When journalists such as Moore build on a story that originated in the Village Voice, they are not coming close to the "actual malice" standard required by Sullivan. And Van Flein surely knows that.
So what if he wound up filing a defamation lawsuit on Palin's behalf against a journalist or news organization for reporting about the Wasilla Sports Complex allegations? He and Palin might live to regret it.
That's because of a tort called malicious prosecution. And a Missouri case styled, Donald R. Ehrhardt v. Ronald J. Herschend, indicates malicious prosecution can be an effective remedy for those hit with baseless defamation lawsuits. Paul Benton Weeks, who has become a key figure in the Don Siegelman case, represents Ehrhardt.
Ehrhardt and Herschend were candidates for separate offices in Taney County, Missouri, in 2004. During the course of the campaign, Ehrhardt caused a political advertisement to be published in a local newspaper, stating that Herschend had admitted to breaking into a locked county facility during a public meeting. A second political advertisement retracted three assertions that had been made in the first piece.
Herschend filed a defamation lawsuit, claiming that Ehrhardt had been told by the county attorney, prior to publication, that the first political advertisement was inaccurate.
Ehrhardt, however, said he had never shown the ad to the county attorney and wound up prevailing on summary judgment in the defamation case.
Ehrhardt then filed a malicious prosecution lawsuit, stating that Herschend never had probable cause to bring the defamation claim. A trial court dismissed the malicious prosecution case on summary judgment, but an appellate court reversed, ruling that the case can move forward.
We have written extensively here at Legal Schnauzer about malicious prosecution because it has played a major role in my legal headaches. Malicious prosecution is considered a "disfavored tort," and here is what Alabama law says about it:
Malicious-prosecution actions are disfavored in the law. Cutts v. American United Life Ins. Co., 505 So. 2d 1211, 1214 (Ala. 1987). Our Supreme Court has stated: "One of the reasons for this rule is that public policy requires that all persons shall resort freely to the courts for redress of wrongs and to enforce their rights, and that this may be done without the peril of a suit for damages in the event of an unfavorable judgment by jury or judge."

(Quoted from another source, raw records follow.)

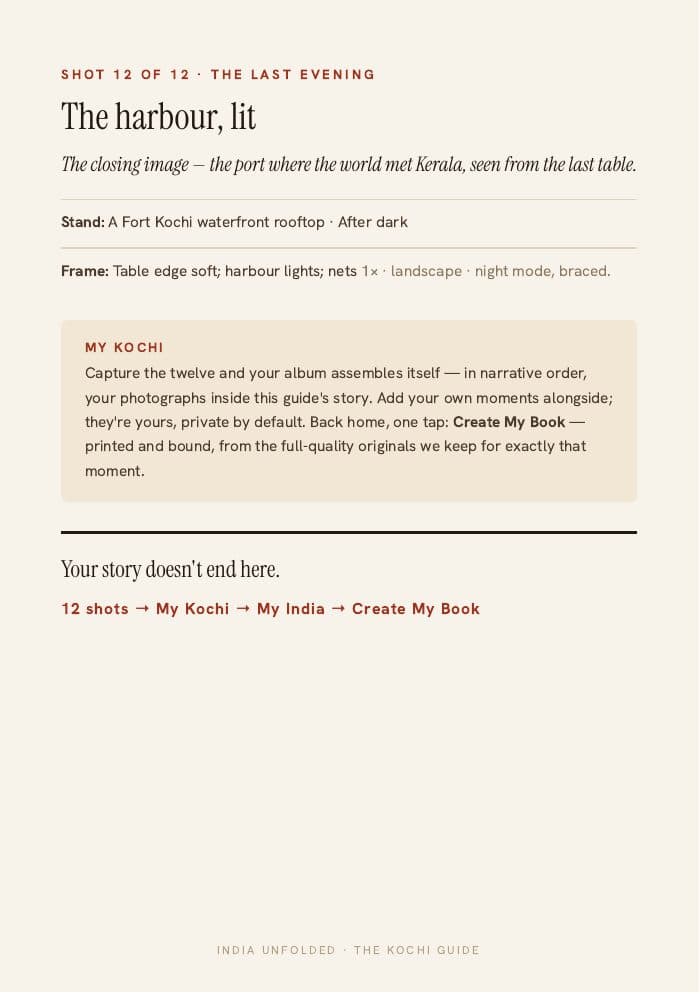Shot 12 of 12 — the closing memory — a page from The Kochi Guide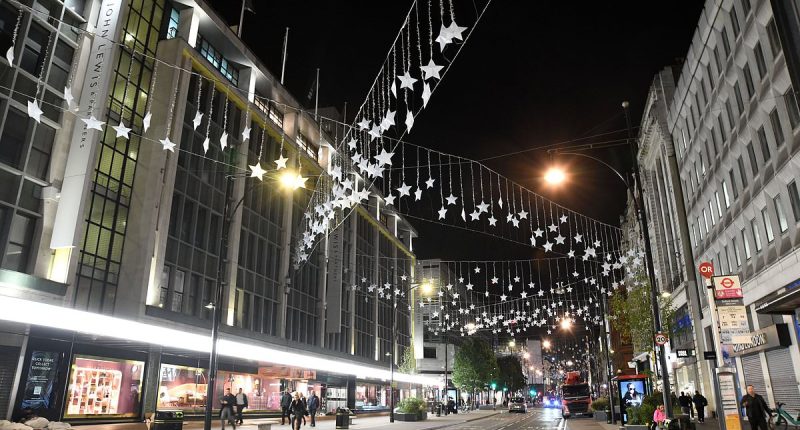 Christmas lights go up in London's Oxford Street ahead of the big switch-on in November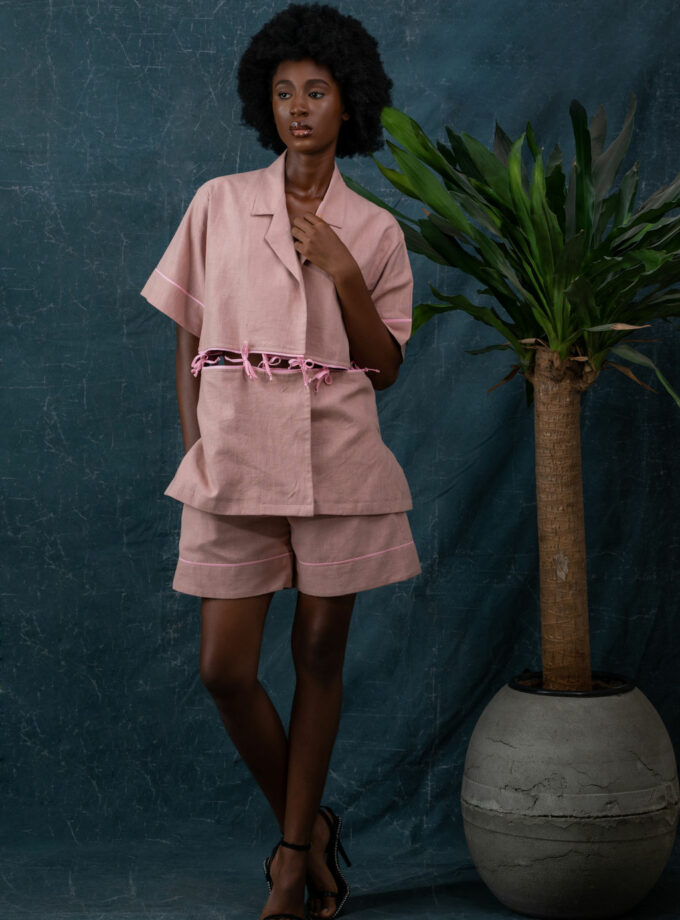 Linen Tie-Knot Two Piece Set (Short)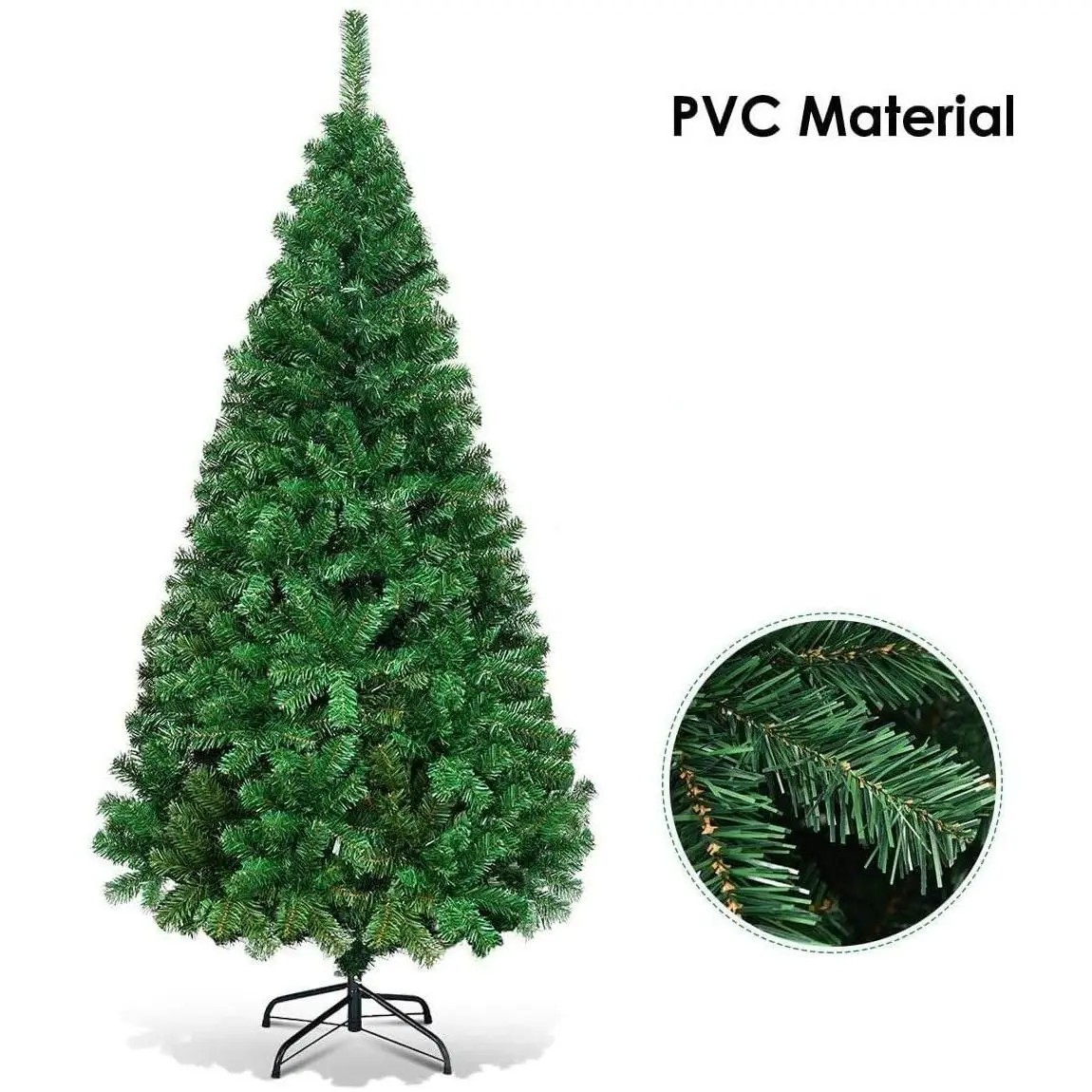 Árbol de Navidad Artificial Árbol Material PVC Natural Verde con Soporte Metálico Pequeño 60cm 90cm de mesa 120cm 150cm Mediano 180cm Grande 210cm 240cm - Imagen 4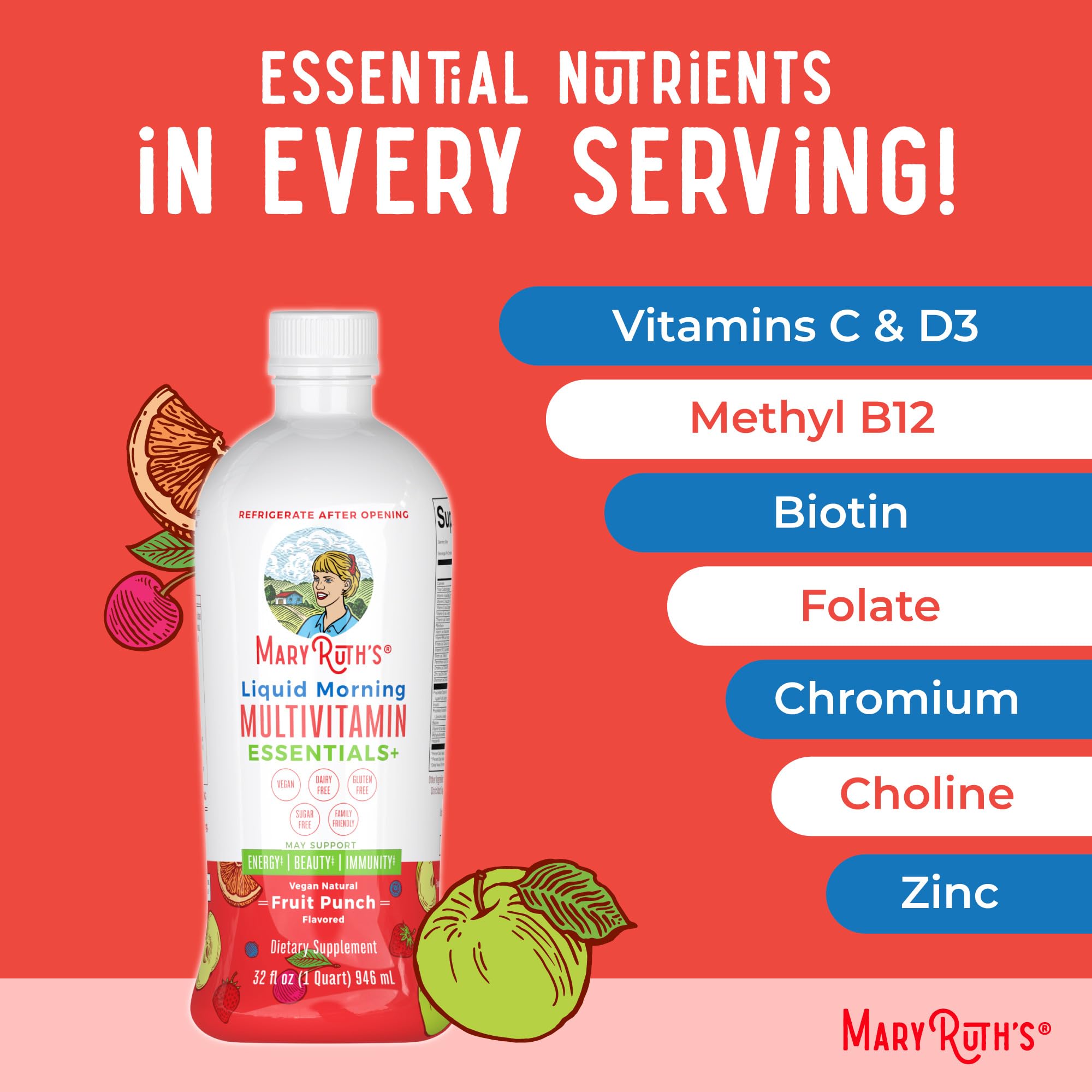 MARYRUTH'S Liquid Morning Multivitamin Essentials+ packaging details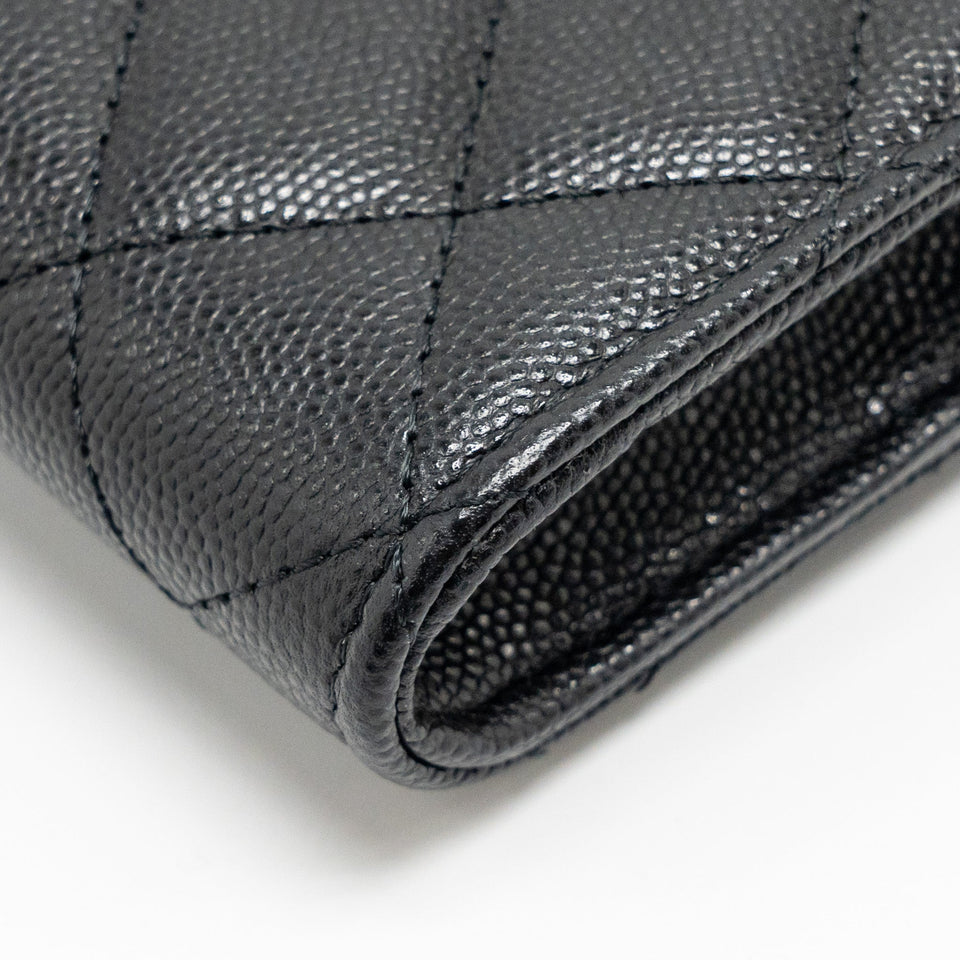 Chanel Classic Phone Clutch with Pouch on Chain Caviar Black L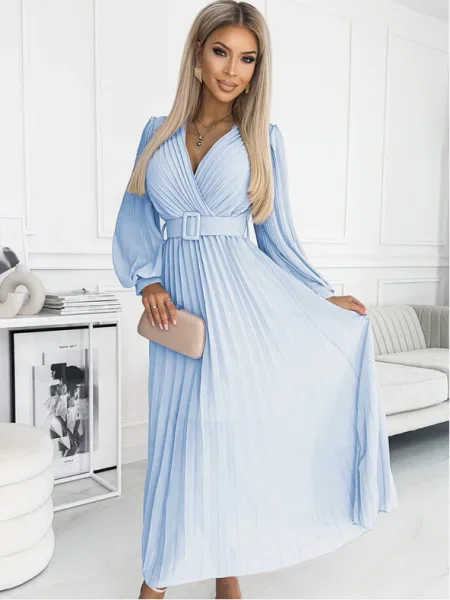 Rochie Numoco plisată de costum albastru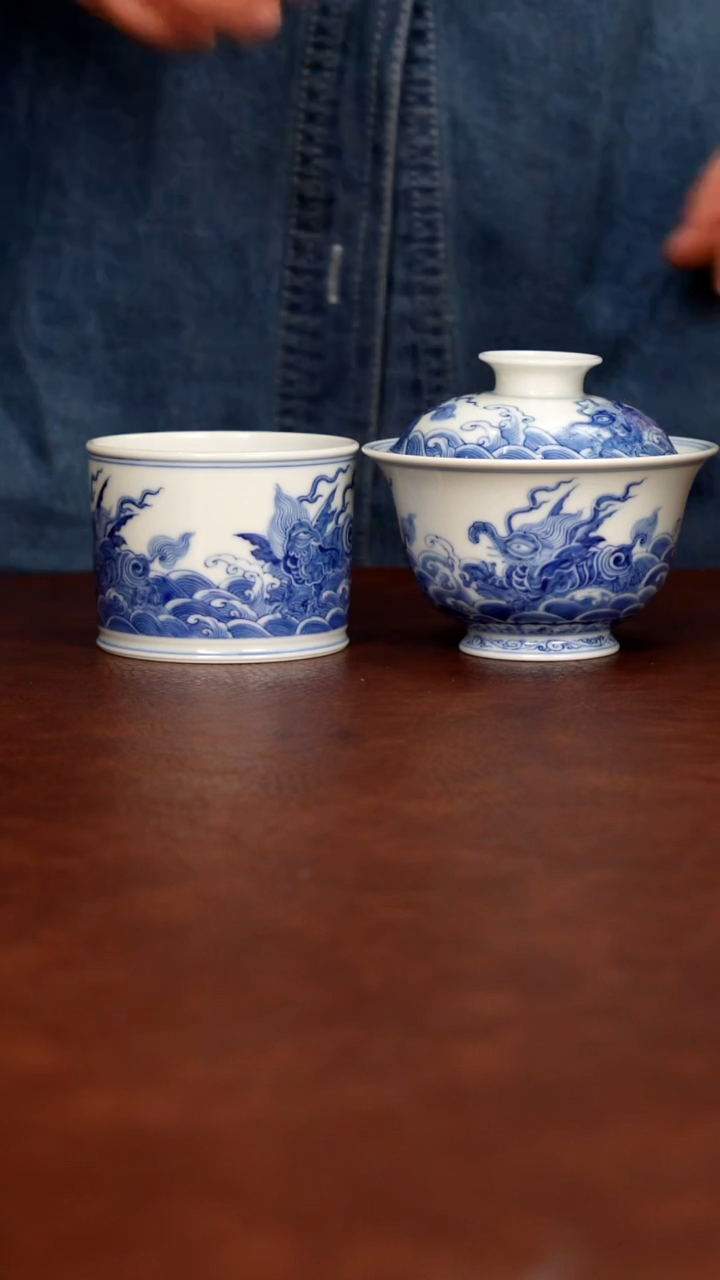 摆件陶多**爸景德镇瓷器，明成化青花瓷手绘茶具~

In the hands of a corrupt attorney, such as William E. Swatek of Alabama, malicious prosecution can be used as a club to victimize someone who probably has been victimized at least once already. That's what happened to me.
Swatek's client, our troublesome neighbor Mike McGarity, admitted in a criminal case that he had trespassed on our property. The judge decided to ignore the facts and law in the case, giving McGarity multiple warnings about staying off our property but acquitting him of the criminal charge. One of the prerequisites for a malicious prosecution claim is that a prior case (criminal or civil) must have ended in your favor. The acquittal allowed McGarity to turn around and sue me, even though I had both probable cause and actual cause (he confessed!) for bringing the criminal complaint.
An honest judge would have booted McGarity's lawsuit in a heartbeat. But we don't have honest judges in Shelby County, Alabama, so I had to wind up fighting the bogus case for years, costing us (and Alabama taxpayers) thousands of dollars.
Paul Benton Weeks is showing in Missouri that malicious prosecution does have a legitimate, but limited, place in the law. Essentially, the tort has one purpose: To punish those who would abuse the legal process by filing baseless claims for "vexatious" reasons.
A Missouri appellate court has ruled that Ehrhardt had grounds to claim malicious prosecution as a result of Herschend's defamation lawsuit against him.
Sarah Palin and her attorney might want to pay attention.